• Supplied material:

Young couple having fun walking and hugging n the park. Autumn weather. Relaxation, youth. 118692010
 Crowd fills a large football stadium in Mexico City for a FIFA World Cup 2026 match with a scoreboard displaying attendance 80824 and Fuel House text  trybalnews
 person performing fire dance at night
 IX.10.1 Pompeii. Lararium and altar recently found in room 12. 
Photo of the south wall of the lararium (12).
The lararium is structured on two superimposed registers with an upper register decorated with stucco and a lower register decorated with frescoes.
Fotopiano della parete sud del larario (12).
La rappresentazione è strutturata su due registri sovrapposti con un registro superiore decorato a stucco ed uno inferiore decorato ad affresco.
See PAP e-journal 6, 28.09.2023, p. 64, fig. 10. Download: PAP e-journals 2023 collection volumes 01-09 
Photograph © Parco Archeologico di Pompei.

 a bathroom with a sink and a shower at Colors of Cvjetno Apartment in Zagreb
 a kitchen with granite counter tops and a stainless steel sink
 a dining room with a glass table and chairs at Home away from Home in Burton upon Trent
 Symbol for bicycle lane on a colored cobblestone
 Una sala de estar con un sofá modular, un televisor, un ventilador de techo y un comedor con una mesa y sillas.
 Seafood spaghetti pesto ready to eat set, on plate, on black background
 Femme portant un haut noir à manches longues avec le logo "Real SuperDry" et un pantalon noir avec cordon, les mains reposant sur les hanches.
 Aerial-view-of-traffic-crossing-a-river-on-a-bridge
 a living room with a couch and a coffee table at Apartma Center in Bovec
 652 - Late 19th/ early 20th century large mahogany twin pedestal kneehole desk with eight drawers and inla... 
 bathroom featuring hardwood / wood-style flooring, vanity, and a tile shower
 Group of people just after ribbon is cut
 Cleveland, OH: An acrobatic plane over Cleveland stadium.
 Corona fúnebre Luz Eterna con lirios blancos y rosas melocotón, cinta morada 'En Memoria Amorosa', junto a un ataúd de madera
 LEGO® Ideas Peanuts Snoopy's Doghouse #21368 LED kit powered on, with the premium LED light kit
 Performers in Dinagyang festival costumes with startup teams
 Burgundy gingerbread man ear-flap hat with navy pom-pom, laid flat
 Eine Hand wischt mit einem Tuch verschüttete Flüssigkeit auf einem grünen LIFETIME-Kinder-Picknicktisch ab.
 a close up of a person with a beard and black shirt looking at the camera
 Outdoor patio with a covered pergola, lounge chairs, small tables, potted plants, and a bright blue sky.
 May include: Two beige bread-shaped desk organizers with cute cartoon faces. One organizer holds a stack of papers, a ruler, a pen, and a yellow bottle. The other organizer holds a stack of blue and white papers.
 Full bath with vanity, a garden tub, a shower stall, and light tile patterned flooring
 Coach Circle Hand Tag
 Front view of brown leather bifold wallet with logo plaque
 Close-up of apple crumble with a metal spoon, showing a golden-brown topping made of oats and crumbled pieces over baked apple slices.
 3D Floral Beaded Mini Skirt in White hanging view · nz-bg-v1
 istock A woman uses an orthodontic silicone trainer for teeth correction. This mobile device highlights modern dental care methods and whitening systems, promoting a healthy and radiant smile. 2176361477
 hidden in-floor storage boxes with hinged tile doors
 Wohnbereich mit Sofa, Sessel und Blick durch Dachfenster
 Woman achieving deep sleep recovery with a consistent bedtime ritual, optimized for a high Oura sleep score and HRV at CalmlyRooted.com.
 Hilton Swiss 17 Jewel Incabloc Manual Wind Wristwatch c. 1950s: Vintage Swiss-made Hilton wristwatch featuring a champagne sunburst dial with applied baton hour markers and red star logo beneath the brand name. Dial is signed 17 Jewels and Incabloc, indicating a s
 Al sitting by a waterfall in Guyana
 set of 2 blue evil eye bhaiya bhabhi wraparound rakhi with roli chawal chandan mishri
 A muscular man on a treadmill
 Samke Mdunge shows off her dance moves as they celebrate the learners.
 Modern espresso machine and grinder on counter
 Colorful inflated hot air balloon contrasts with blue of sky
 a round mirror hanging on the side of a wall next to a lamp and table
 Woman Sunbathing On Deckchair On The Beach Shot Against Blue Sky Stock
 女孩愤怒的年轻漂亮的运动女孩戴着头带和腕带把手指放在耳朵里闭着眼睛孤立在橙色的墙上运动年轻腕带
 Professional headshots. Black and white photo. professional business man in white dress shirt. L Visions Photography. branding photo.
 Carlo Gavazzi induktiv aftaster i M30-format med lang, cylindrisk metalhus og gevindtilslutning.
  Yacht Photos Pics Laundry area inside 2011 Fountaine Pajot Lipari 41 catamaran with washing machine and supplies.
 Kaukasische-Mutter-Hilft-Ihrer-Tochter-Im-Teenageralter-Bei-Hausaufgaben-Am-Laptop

• What to work on: Each line holding "chairs" should be copied from the material above.

• Result for this task:
 a dining room with a glass table and chairs at Home away from Home in Burton upon Trent
 Outdoor patio with a covered pergola, lounge chairs, small tables, potted plants, and a bright blue sky.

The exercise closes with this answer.